The community and 3 tertiary care hospitals.


Children aged 9–10 years, mothers, and nurses.


Responses from 754 nurses were analyzed using backward linear regression for handwashing intention. We reasoned that handwashing results in 2 distinct behavioral practices—inherent handwashing and elective handwashing—with our model explaining 64% and 76%, respectively, of the variance in behavioral intention. Translation of community handwashing behavior to healthcare settings is the predominant driver of all handwashing, both inherent (weighted β = 2.92) and elective (weighted β = 4.1). Intended elective in-hospital handwashing behavior is further significantly predicted by nurses' beliefs in the benefits of the activity (weighted β = 3.12), peer pressure of senior physicians (weighted β = 3.0) and administrators (weighted β = 2.2), and role modeling (weighted β = 3.0) but only to a minimal extent by reduction in effort (weighted β = 1.13). Inherent community behavior (weighted β = 2.92), attitudes (weighted β = 0.84), and peer behavior (weighted β = 1.08) were strongly predictive of inherent handwashing intent.

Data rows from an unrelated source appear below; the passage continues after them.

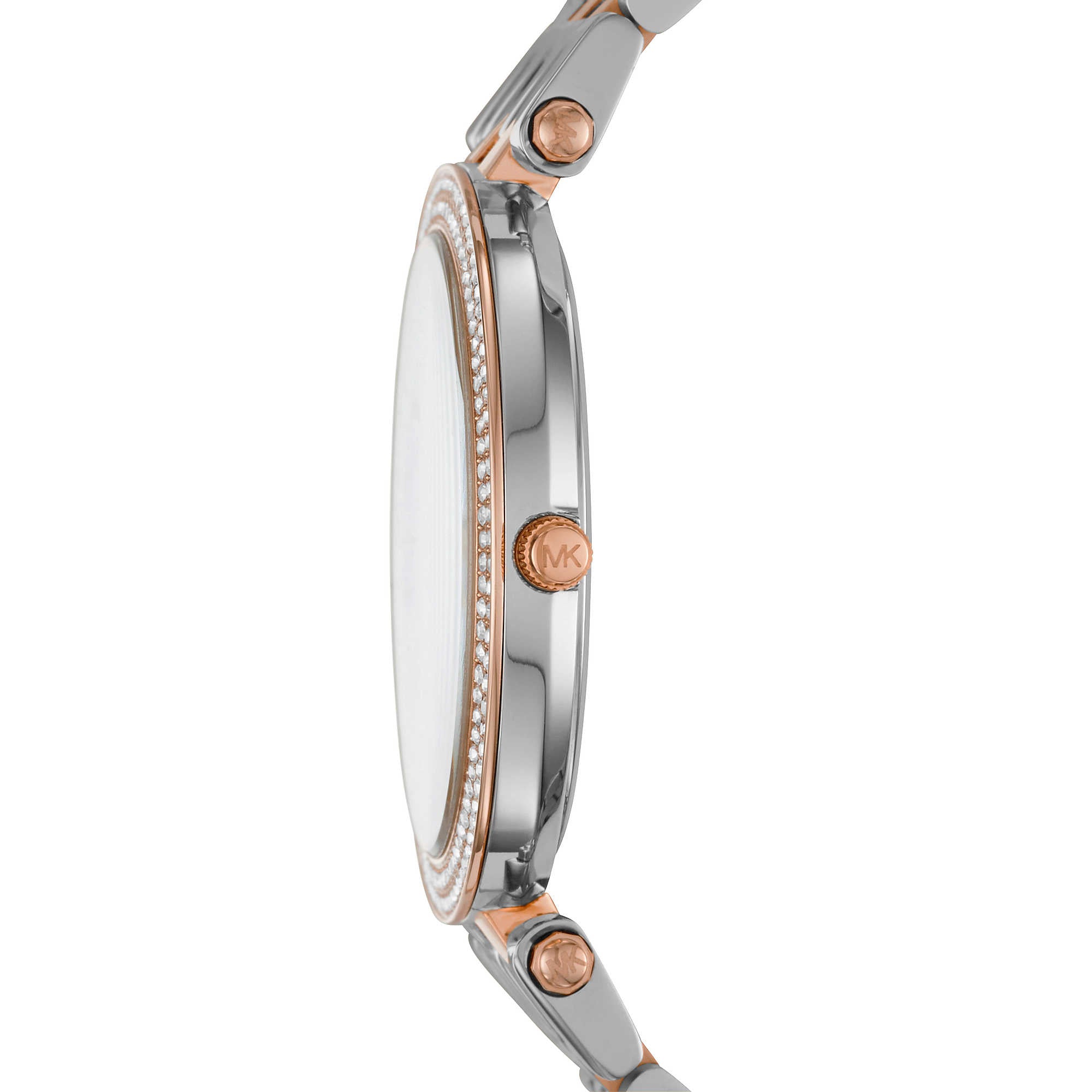 Side profile showing case depth and mixed rose gold and silver two-tone bracelet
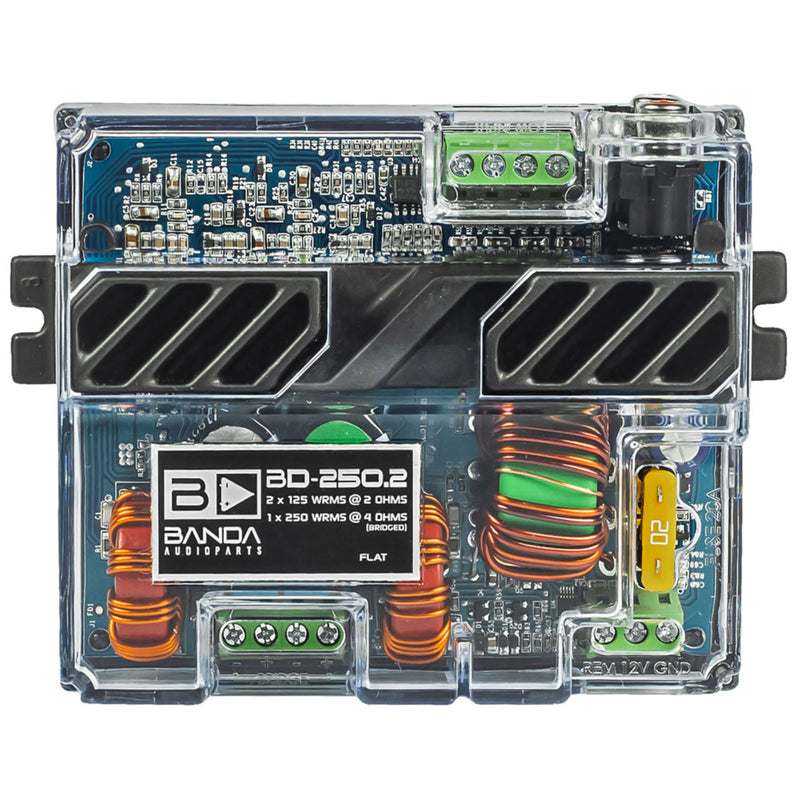 Banda Pocket Series Compact 250 Watt 2-Ohm 2-Channel Brazilian Amplifier BD-250.2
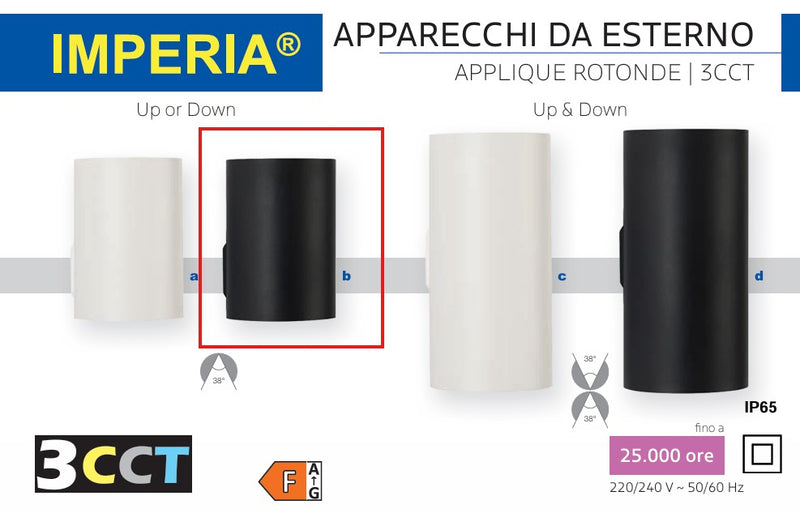 IMPERIA iGIOTTO UPorDOWN 9W LED 3CCT IP65 NERO- APPLIQUE ROTONDA DA ESTERNO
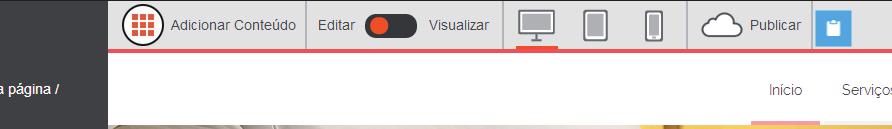 Para adicionar conteúdo, basta clicar com o mouse sobre o tipo de conteúdo (widget) que você deseja adicionar, e arrastá-lo até a posição desejada.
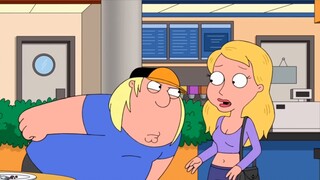 Stewie suspects Chris is gay because he is unimpressed by the beautiful women who come to chat him u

A small increase in handwashing adherence may be seen after implementing the use of alcoholic hand rubs, to decrease the effort required to wash hands. However, the facilitation of compliance is not simply related to effort but is highly dependent on altering behavioral perceptions. Thus, introduction of hand rub alone without an associated behavioral modification program is unlikely to induce a sustained increase in hand hygiene compliance.